Om te bevorderen dat de schade door verdachte wordt vergoed, zal het hof de maatregel van artikel 36f van het Wetboek van Strafrecht opleggen op de hierna te noemen wijze.
Toepasselijke wettelijke voorschriften
Het hof heeft gelet op de artikelen 14a, 14b, 14c, 36f en 249 (oud) van het Wetboek van Strafrecht.
Deze voorschriften zijn toegepast, zoals zij golden ten tijde van het bewezenverklaarde.

BESLISSING

Het hof:
Vernietigt het vonnis waarvan beroep en doet opnieuw recht:
Verklaart zoals hiervoor overwogen bewezen dat de verdachte het tenlastegelegde heeft begaan.
Verklaart niet bewezen hetgeen de verdachte meer of anders is tenlastegelegd dan hierboven is bewezenverklaard en spreekt de verdachte daarvan vrij.
Verklaart het bewezenverklaarde strafbaar, kwalificeert dit als hiervoor vermeld en verklaart de verdachte strafbaar.
Veroordeelt de verdachte tot een
gevangenisstrafvoor de duur van
6 (zes) maanden.
Bepaalt dat de gevangenisstraf niet ten uitvoer zal worden gelegd, tenzij de rechter later anders mocht gelasten omdat de verdachte zich voor het einde van een proeftijd van
2 (twee) jarenaan een strafbaar feit heeft schuldig gemaakt.
Vordering van de benadeelde partij [benadeelde]
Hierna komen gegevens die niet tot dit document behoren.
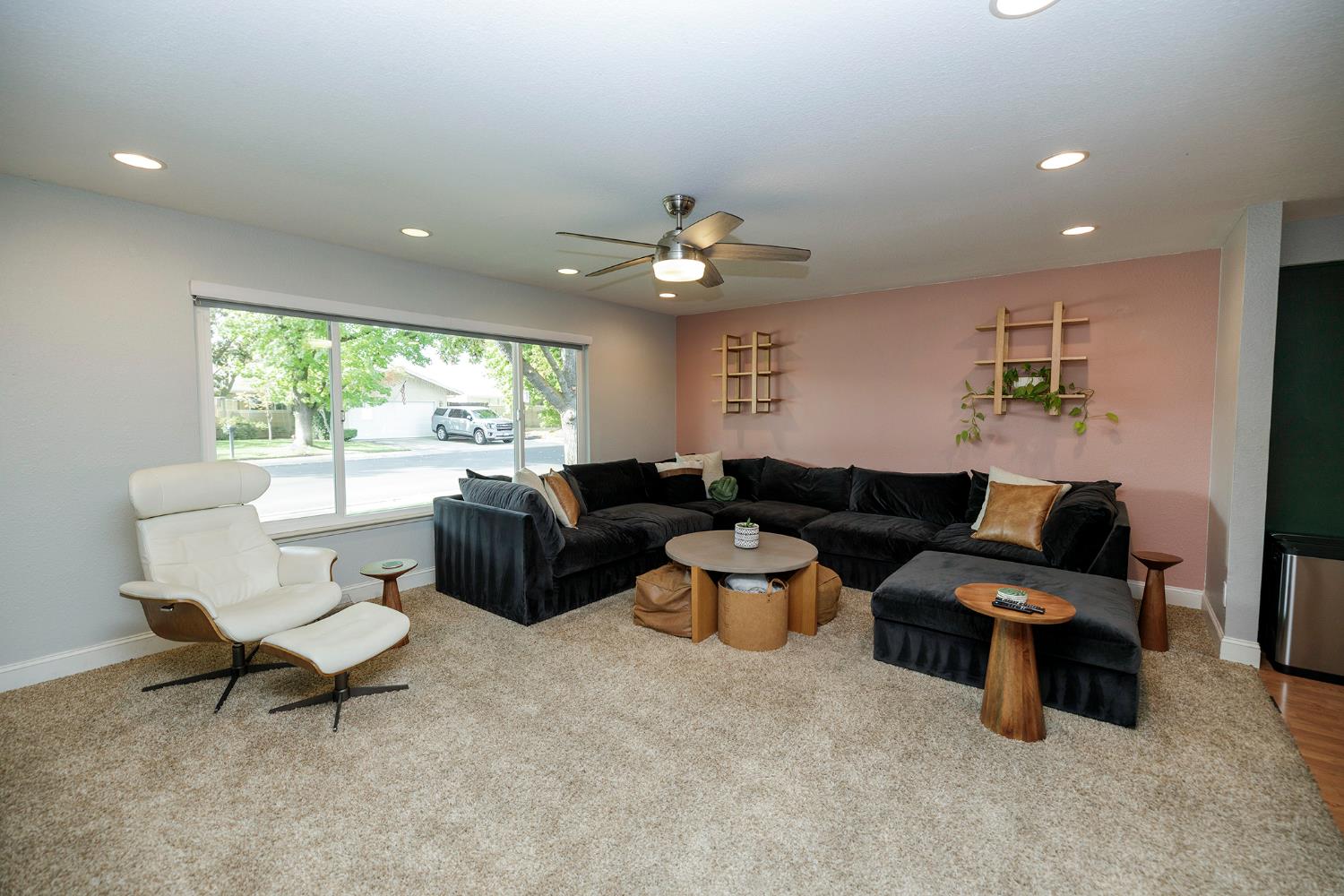 3012 Guinevere Ln, Modesto, CA 95350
Wijst toe de vordering tot schadevergoeding van de benadeelde partij [benadeelde] ter zake van het bewezenverklaarde tot het bedrag van
€ 10.061,42 (tienduizend eenenzestig euro en tweeënveertig cent) bestaande uit € 61,42 (eenenzestig euro en tweeënveertig cent) materiële schade en € 10.000,00 (tienduizend euro) immateriële schade, vermeerderd met de wettelijke rente vanaf de hierna te noemen aanvangsdatum tot aan de dag der voldoening.
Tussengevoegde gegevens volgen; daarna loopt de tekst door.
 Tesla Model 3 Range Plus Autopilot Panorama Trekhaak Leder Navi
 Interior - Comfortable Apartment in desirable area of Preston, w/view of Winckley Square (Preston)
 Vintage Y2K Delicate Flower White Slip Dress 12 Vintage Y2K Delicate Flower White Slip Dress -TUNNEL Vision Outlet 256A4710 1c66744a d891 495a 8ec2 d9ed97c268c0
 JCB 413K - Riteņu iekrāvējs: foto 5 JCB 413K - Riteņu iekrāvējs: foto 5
Wijst de vordering van de benadeelde partij voor het overige af.
Veroordeelt de verdachte in de door de benadeelde partij gemaakte en ten behoeve van de tenuitvoerlegging nog te maken kosten, tot aan de datum van deze uitspraak begroot op nihil.
Legt aan de verdachte de verplichting op om aan de Staat, ten behoeve van het slachtoffer, genaamd [benadeelde] , ter zake van het bewezenverklaarde een bedrag te betalen van € 10.061,42 (tienduizend eenenzestig euro en tweeënveertig cent) bestaande uit € 61,42 (eenenzestig euro en tweeënveertig cent) materiële schade en € 10.000,00 (tienduizend euro) immateriële schade, vermeerderd met de wettelijke rente vanaf de hierna te noemen aanvangsdatum tot aan de dag der voldoening.
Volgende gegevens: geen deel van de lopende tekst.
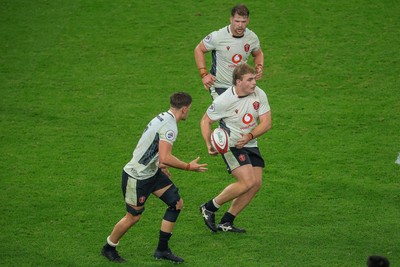 151125 - Wales v Japan - Quilter Nations Series - Archie Griffin of Wales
Bepaalt de duur van de gijzeling op ten hoogste 85 (vijfentachtig) dagen. Toepassing van die gijzeling heft de verplichting tot schadevergoeding aan de Staat ten behoeve van het slachtoffer niet op.
Bepaalt dat indien en voor zover de verdachte aan een van beide betalingsverplichtingen heeft voldaan, de andere vervalt.
Bepaalt de aanvangsdatum van de wettelijke rente voor de materiële en de immateriële schade op 9 september 2013.
Aldus gewezen door
mr. A.F. van Kooij, voorzitter,
mr. M.C. Fuhler en mr. R. Godthelp, raadsheren,
in tegenwoordigheid van mr. H. Akkerman, griffier,
en op 17 oktober 2025 ter openbare terechtzitting uitgesproken.

Voetnoten

1.Anders dan in het vonnis is overwogen is in eerste aanleg geen sprake van overschrijding van de redelijke termijn (verdachte is op 2 maart 2022 ontboden op het politiebureau).